Saturday, May. 25, 2024

Jung Dominates Day 1 Of Rolex Kentucky Dressage

It’s the end of Day 1 of dressage here at the Rolex Kentucky CCI****, and Germany’s Michael Jung is leading with Fischerrocana FST with a 39.3. Is anyone surprised? Probably not, since he’s won Olympic gold, FEI World Equestrian Games gold and FEI European Championships gold.


Lexington, Ky.—April 23

It’s the end of Day 1 of dressage here at the Rolex Kentucky CCI****, and Germany’s Michael Jung is leading with Fischerrocana FST with a 39.3. Is anyone surprised? Probably not, since he’s won Olympic gold, FEI World Equestrian Games gold and FEI European Championships gold. 

And one of those WEG medals came from this very facility, at the 2010 Alltech FEI World Equestrian Games, which he won with La Biosthetique Sam FBW.

“I have very good memories of Kentucky,” Jung said. “It’s a really nice place with very good conditions for the horses—a very nice stadium, very quiet stadium, and it’s good we can work in the stadium before dressage. It helps a lot for the horses, especially at the beginning of the season. The cross-country is also difficult, but I think they are very nice fences and friendly for the horses.”

Tomorrow Jung rides “Sam,” but he’s not sure if the gelding will be able to steal the lead from his mare.

“Today, ‘Rocana’ gave me a really good feeling—calm and quiet,” said Jung, who also rides in grand prix show jumping competitions and at the top levels of straight dressage. “I can do everything I want. She was fantastic to ride, and I think this was one of the best tests for her. Today she’s the leader, and tomorrow we will see. Sam is in very good form, but you never know.”  

But Jung’s not the only one who’s taken a turn in the pure dressage ring at the upper levels. Ashker started competing Andalusian Santiago Del Escarvido at the Prix St. Georges and Intermediaire I level, and she said it’s helped her break down the simpler eventing dressage tests. This, the score of 44.2 penalties, was Anthony Patch’s best-ever mark at the four-star level and put her in second place. Leaving the ring, Ashker couldn’t control her emotions over the ride.

“It’s a little bit like a dream come true,” she said. “This is my eighth Rolex and my first time in the press conference, and so it’s pretty awesome. I’m extremely elated, and it seemed to all come together today. I couldn’t have asked for anything better.”  

Ashker also earned a new pair of Dubarry boots for best-dressed woman at the first horse inspection yesterday. Phillip Dutton, who’s third after Day 1 dressage with Fernhill Fugitive and seventh on Fernhill Cubalawn, was named the best-dressed man.

Dutton still has one more mount, Mighty Nice, to come tomorrow.
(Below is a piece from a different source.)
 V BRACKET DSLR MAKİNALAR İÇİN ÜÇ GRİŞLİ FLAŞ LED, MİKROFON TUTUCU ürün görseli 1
“I’m pleased-ish,” said Dutton. “Fernhill Fugitive is the greenest of them, and he’s a very laid-back character, so I didn’t ride him this morning. That kind of goes against my instincts. But I got him down there, and he was a little on the fresh side, but he worked in well and did about the best test he’s ever done. Fernhill Cubalawn started out great, and I think I went for a little too much. The pressure of that got to him, and he lost it in the canter. I could have done a little better job there. I hope Mighty Nice beats them tomorrow. He’s been working well. I think it’s shaping up to be an exciting competition here.”

Dressage begins again at 9:30 a.m. tomorrow, with Lillian Heard on Share Option kicking off the day. 


The Top Riders’ Thoughts On The Cross-Country Course

Most of the riders have now walked around the course at least once. Lexington was hit with heavy rains over the last several weeks, but the ground at the Kentucky Horse Park still appears to be in excellent condition. Derek di Grazia’s track this year spans 6,4000 meters, with an optimum time of 11:14.

“The place is very hilly. You’re never galloping on flat ground. That’s tough for the horses. There are very big fences—a lot to jump, and it’s technical. I think everything you can ask a horse is in there. It’s tough, but the jumps are very friendly and very clear—very nice for the horses.” —Michael Jung

“I stressed a little bit about it, with Al being an older guy. But I’ve been tickled; the footing is absolutely beautiful. In all the years I’ve ridden it, it has a lot more open space. It’s a lot more open in the first half of the course. It’s going to be good for my horse. He’s an off-the-track Thoroughbred, so my job is to get him jumping well and settled early in the course. It’s hard to do that when you have a lot of combinations coming at you. I think the galloping will be good. I have to remember to keep a hold of him in the beginning and not wear him out there because there is so much galloping.” —Laine Ashker

“The course is as big as I’ve seen here. It wouldn’t be super technical, but it’s just big and forward-riding fences. It doesn’t let up the whole way around, right from fence 4 and onwards. There are big imposing jumps and not a lot of room for errors. It’s a lot of pressure on riders and horses to ride sensibly and accurate and forward.” —Phillip Dutton

Other Tidbits From The Day:

Francis Whittington came from Great Britain with Easy Target. He’s fourth right now with 47.6 penalties, but it wasn’t the score or ride he wanted.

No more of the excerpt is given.